__Exercise requirements__
As the answer, set down the lines below from the one containing "lululemon Everywhere Belt" through the one containing "Photo 2 - Appartement à NEUILLY-PLAISANCE", exactly and inclusively, and no others.

──────── Dataset extract

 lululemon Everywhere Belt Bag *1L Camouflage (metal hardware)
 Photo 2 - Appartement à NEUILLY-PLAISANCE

────────────────
──────── Dataset extract

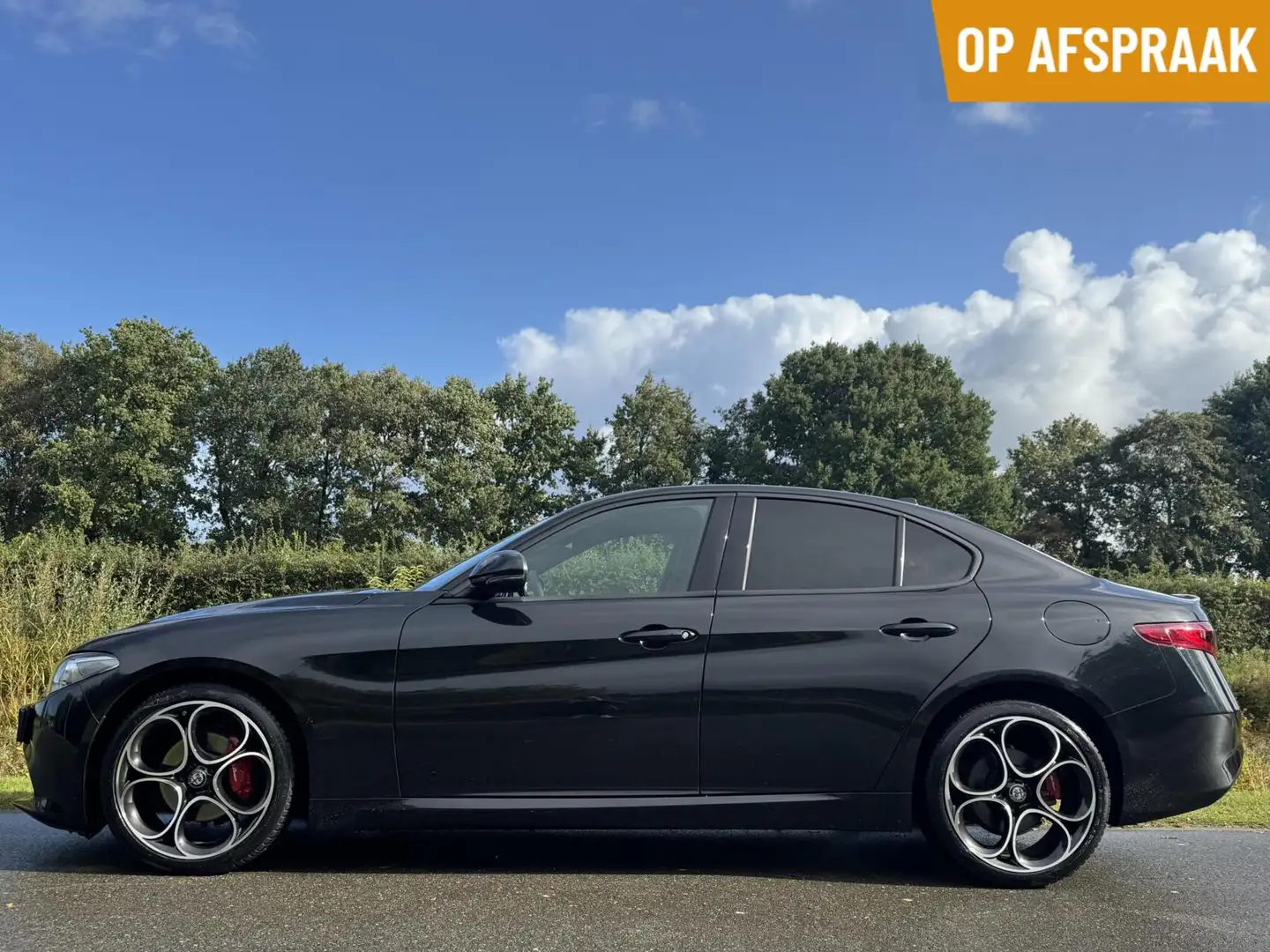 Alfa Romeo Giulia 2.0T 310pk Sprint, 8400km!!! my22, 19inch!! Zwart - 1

────────────────

__Written solution__
 lululemon Everywhere Belt Bag *1L Camouflage (metal hardware)
 Photo 2 - Appartement à NEUILLY-PLAISANCE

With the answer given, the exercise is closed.